Güneydoğu sınırımızdaki bölgede demokratik özerkliğin hayata geçirilmeye çalışıldığı üç kanton var. Cizire, Kobane ve Efrin. Bölgenin genel adı Rojava. 19 Temmuz 2012’den beri bölgede bir hareketlilik var. Başını kadınların çektiği bu hareketlilikte güzel şeyler oluyor kadınlar ve insanlık adına. Şehir merkezlerine tek başına inmenin bile doğru karşılanmadığı bir kültürde; toplumsal alanların her biriminde kadınlar var örneğin. Kadınlar, her düzeydeki yönetimde söz sahibi olmaya başladılar. Namus adına işlenen cinayetlerin, erken ve zorla evliliklerin, kadına yönelik her türlü şiddetin yaşandığı bir coğrafyada; her mahallede açılan kadın evleri, kadın davalarına bakan kadın hâkimleri var artık. Boşanma ve miras yasalarında kadınlar lehine yapılan değişiklikler, kadın kooperatifleri, kadınların asayişte erkeklerle birlikte yer alması da diğer gelişmelerden bazıları.
Yüzyıllardır erkek egemen sistem-kültür tarafından ezilen, kişiliksiz kılınan, alınıp-satılan, öldürülen kadınlar dünyanın bu bölgesinde artık geleceğe daha bir umutla bakıyorlar.
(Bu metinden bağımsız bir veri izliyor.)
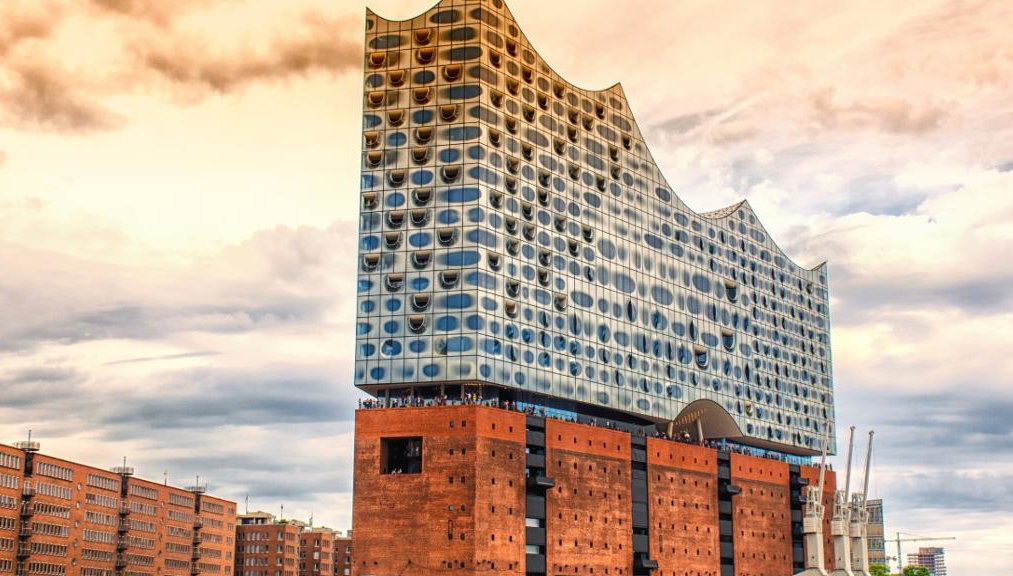 Hamburg Elbe Riverside Private Walking Tour - Photo 1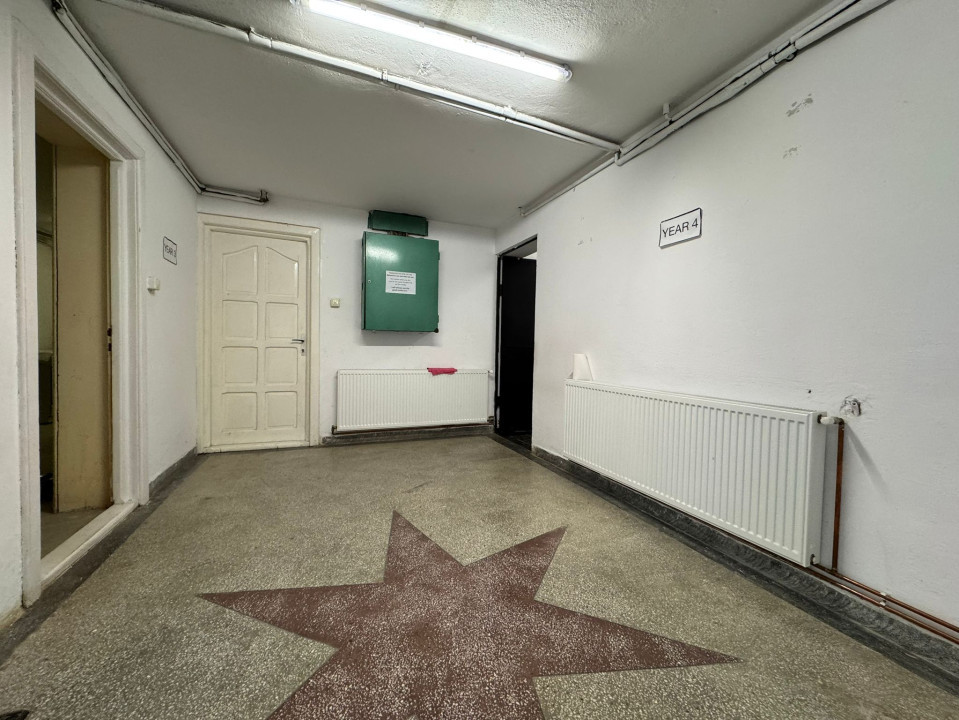 Spatiu 500 mp utili, teren 2000 mp, 10 parcări, cartier Andrei Mureșanu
Yıllardır kadın olmalarından dolayı kendilerine yazgı olarak kabul ettirilenleri yıkabilmek için var güçleriyle mücadele eden, can veren kadınlar; cinsiyetçiliğin yaşanmadığı, eşitliğin olduğu, olması için uğraş verdikleri bir yönetimi ve kazanımlarını kaybetmemek için direniyorlar. İşte bu yüzden, içlerinde taşıdıkları kadın nefretiyle Ezidi kadınlara, Türkmen kadınlara, Kürt kadınlara saldıran IŞİD’in karşısındalar. İstiyorlar ki, topraklarında yeni kurdukları yaşamlarına devam edebilsinler. İstiyorlar ki yıllardır tırnaklarıyla çabalayarak var ettikleri kadın devrimi sona ermesin.
Ve şu anda yetmiş yaşında olan Leyla Halid’e kadınların bugün geldiği noktadan, Rojava’dan kardeşçe selam gönderiyorlar ve bir fısıltı çağıldıyor kulaklarında kadınların: Gülemiyorsun ya, gülmek, bir halk gülüyorsa gülebilmektir.*
• E.Cansever /Mendilimde Kan Sesleri
24 Aralık 2014/ Sevgi Çifter
Dünyalılar Editörün Notu: Yazıda bahsi geçen kanlı çete, Amerikan ve İsrail hamiliğinde bölgedeki taşeronlar kullanılarak peydahlanmıştır ve yine bu aynı güçlerin sözde destekledikleri gruplar tarafından geri püskürtülmeye çalışılmaktadır. Kaybedenin bölgenin tüm halklarının olduğu şüphe götürmez, hem Rojavalı ve hem de bölgede çektikleri tüm acılara rağmen direnen kadınların samimi ve yürekli çabaları insanlık adına umut veriyor. Bölgenin istikrarsızlaştırılmasına yönelik bu emperyalist oyun, emperyalistlerin kendi silahlarıyla bertaraf edilebilir mi? Ben günün sonunda ulaşılacak noktanın çok da hayırlı olacağını düşünmüyorum (ki an itibariyle bile hasar çok derin) ama yuvalarını, hayallerini korumaya çalışan bu onurlu kadınları da görmezden gelemiyorum.